== EXTRACTED RECORDS

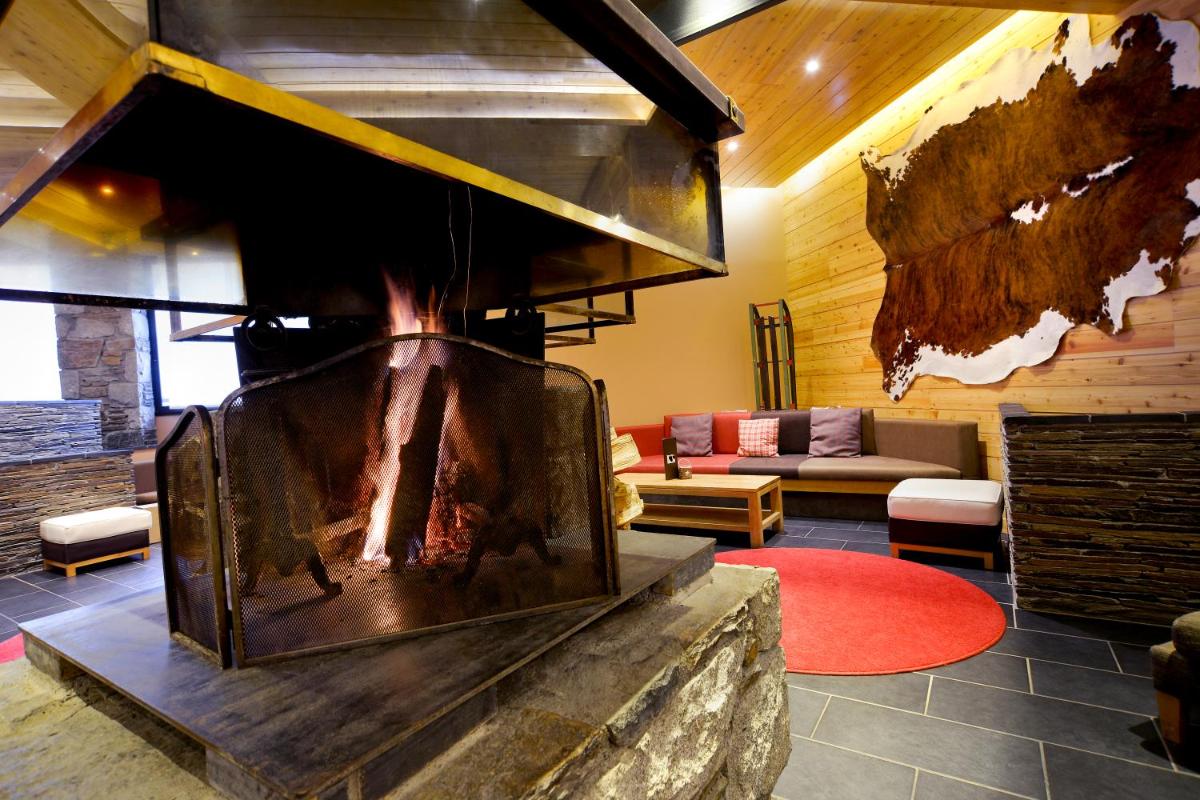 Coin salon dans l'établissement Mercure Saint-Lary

====
== EXTRACTED RECORDS

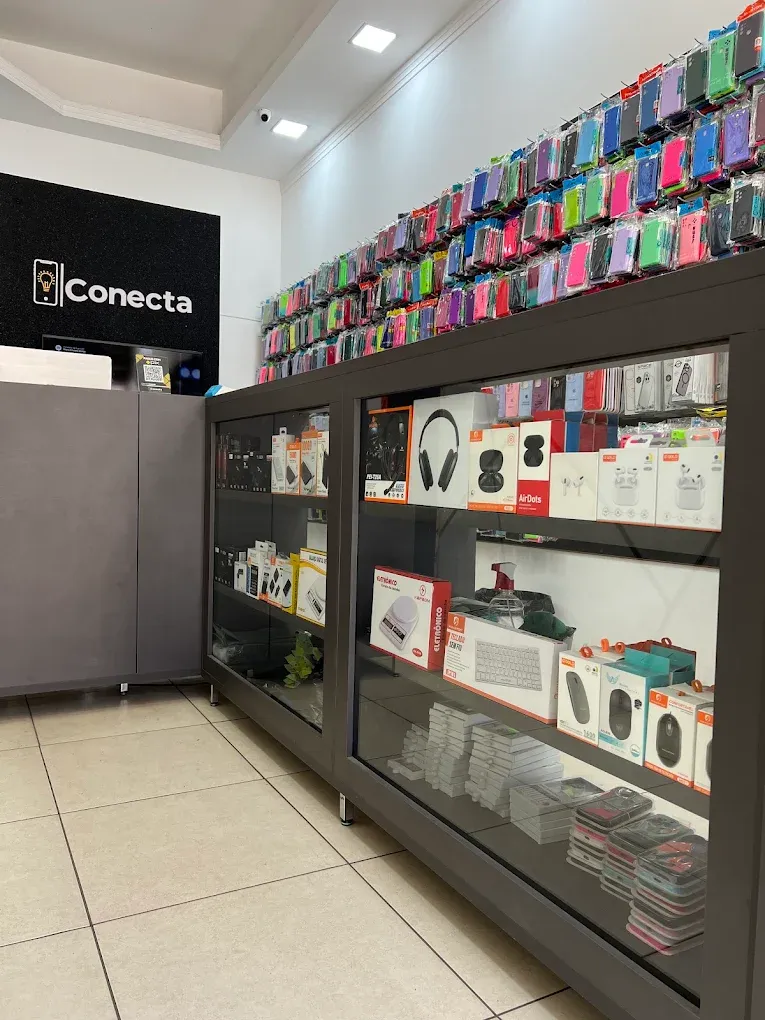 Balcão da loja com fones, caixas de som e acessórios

====
== EXTRACTED RECORDS

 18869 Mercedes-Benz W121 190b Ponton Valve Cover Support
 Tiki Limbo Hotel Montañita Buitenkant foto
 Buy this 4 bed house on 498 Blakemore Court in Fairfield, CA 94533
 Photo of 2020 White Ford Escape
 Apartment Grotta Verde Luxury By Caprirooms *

====

**REQUIREMENT:** Within the material above, extract exactly the lines that start at the line containing "Buy this 4 bed" and stop after the line containing "Apartment Grotta Verde", and only those.

**ANSWER SPACE:**
 Buy this 4 bed house on 498 Blakemore Court in Fairfield, CA 94533
 Photo of 2020 White Ford Escape
 Apartment Grotta Verde Luxury By Caprirooms *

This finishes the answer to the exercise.